As one might ascertain, the gist of the discussion centered on the fact that Kentucky, and particularly the devil himself, John Calipari, have endured enough ugly ink over the last many months ... well actually, the bad ink has been freely flowing since Cal arrived at UK in April of 2009, putting the period of media unrest regarding Big Blue at over two-years now, with no end in sight.  Based partly on this fact (OK, mostly on this fact), my initial response to the question asked of me by my friend was "No, Woods is not worth the trouble."  My friend concurred with my opinion, which not surprisingly seems to be the prevailing feeling of the Big Blue Nation regarding the possibility of Woods donning the blue and white of Kentucky.

Then I began to really think about how absurd that line of reasoning is.  Have we come to the point where the media is dictating personnel decisions for the 'Cats?  Are we so concerned with the image of the program that we allow them -- the media -- to determine who is worthy of a second chance and who isn't?

Well, sports fans, allow me to let you in on the righteous truth: UK's image outside the borders of the Commonwealth is that of a school/fan base so desperate to win that we hired a known rogue, cheating, win-at-all-costs coach in John Calipari (aka the devil himself), reinforcing the long-held thought that what UK fans are concerned with is winning, regardless of the price tag, or how many NCAA by-laws must be fractured in order to attain the victories we've become so accustomed to witnessing.  We are a sad collection of basketball hooligans, foaming at the mouth and shoe-less, while we impatiently await the school's eighth national title.

Why is that UK's image?  Because that's how UK fans and UK basketball are portrayed by much of the media.  By virtue of omission, flat-out lies, half-truths, and personal vendetta-driven hog wash, the media, on a vast scale, have painted Kentucky basketball and Kentucky basketball fans as the lowest common denominator.  Why then do we allow that same media, and the same group of non-UK fans who already hold us in the lowest of esteem, to enter into the equation when it comes to deciding who we support as a 'Cat, and who we would rather see play elsewhere.

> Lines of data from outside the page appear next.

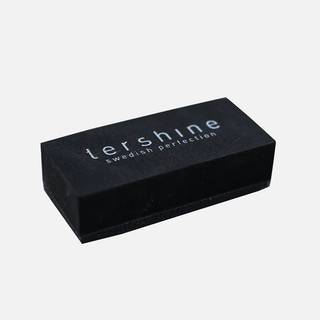 Tershine Keramisk Applikator -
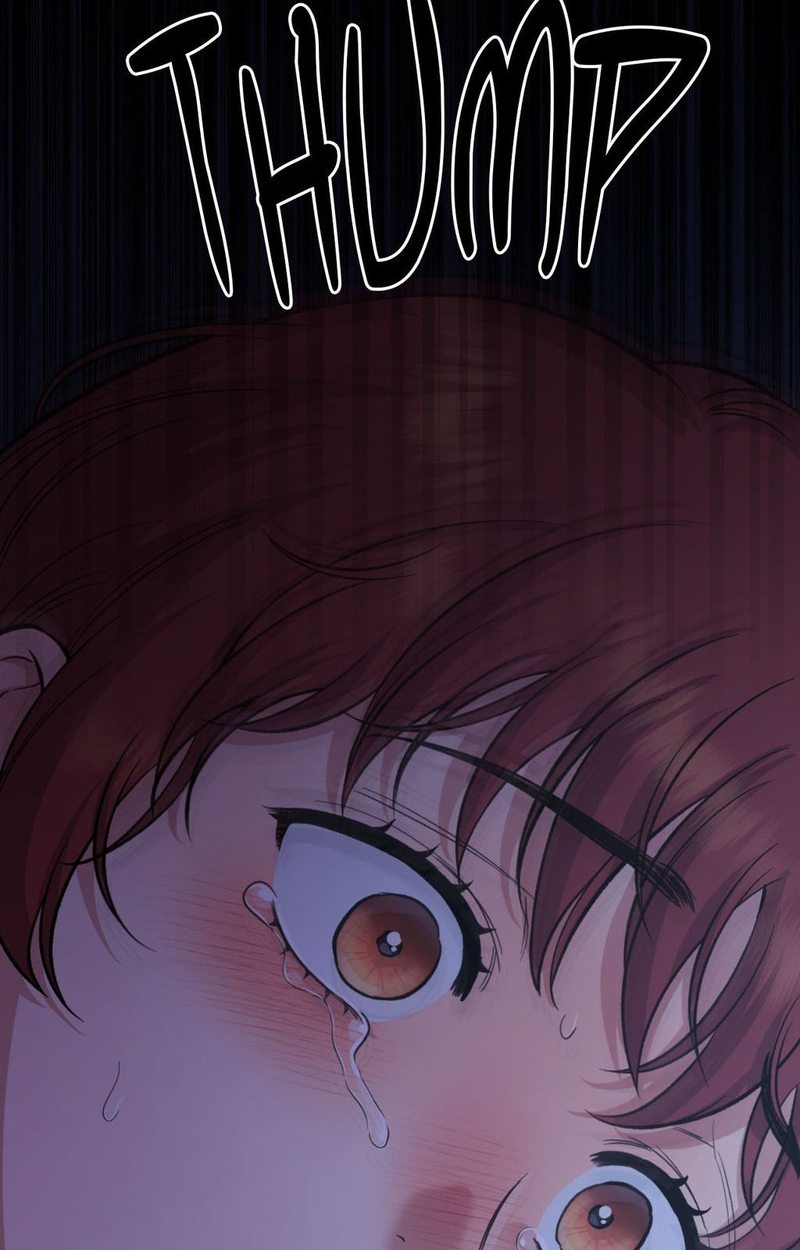 Hana’s Demons of Lust - Page 88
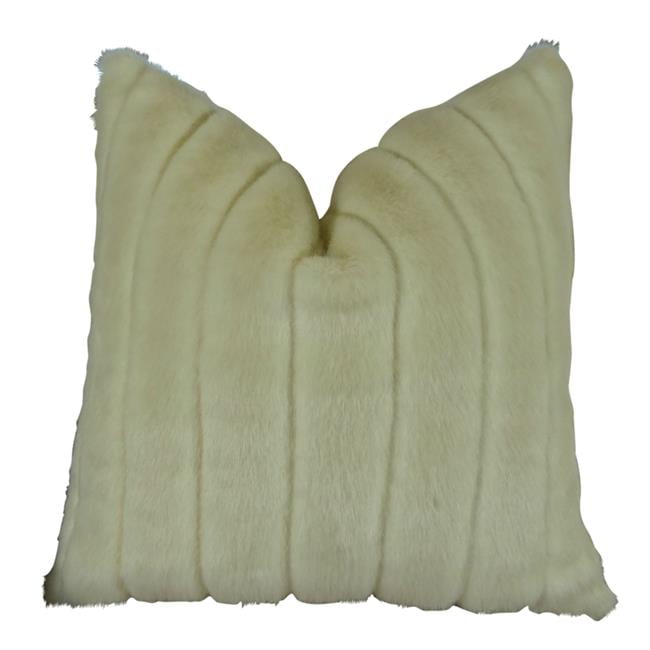 Mink throw pillows new arrivals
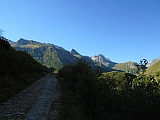 vanoise05442.jpg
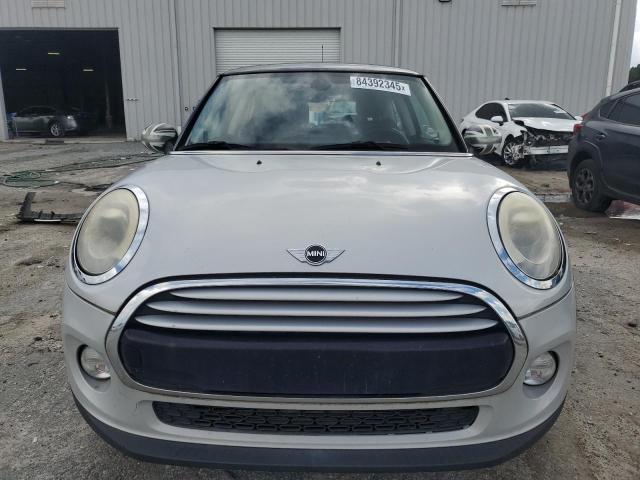 2014 MINI COOPER #3310413969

It was the media, after all, who first reported Tony Woods as being a back-breaker, literally (something that may not be true).  It was the media who first painted Tony Woods as an all-around bad guy who beat-up his girlfriend in front of their one-year old son (something that more than likely isn't true).  It was the media who jumped to conclusions based on (probably) a police report (perhaps the most potentially error-filled official document in the history of man, for a myriad of reasons.  Reasons ranging from incompetence, to the intent to mislead -- my sincere apologies to those honest, hard working police officers who protect and serve us all everyday).

Whatever the reason, the initial reports regarding the Woods incident were very likely incorrect, a potentiality eloquently pointed out in this Jason King article for Yahoo.com on Thursday.  Not unlike the press erroneously reporting James Brady being killed during the Ronald Reagan assassination attempt; not unlike the press erroneously reporting that US Congresswoman Gabrielle Giffords was dead after being shot in Arizona in January of this year; not unlike the press erroneously reporting that Al Gore had won Florida in the 2000 presidential election; not unlike Rick Bozich of the Courier-Journal erroneously calling for Rich Brooks' head midway through Brooks' third season at UK; and not unlike the press erroneously portraying John Calipari as an all-around bad dude.  The media is many times wrong, either by intent, by incompetence, by embellishment, or by accident.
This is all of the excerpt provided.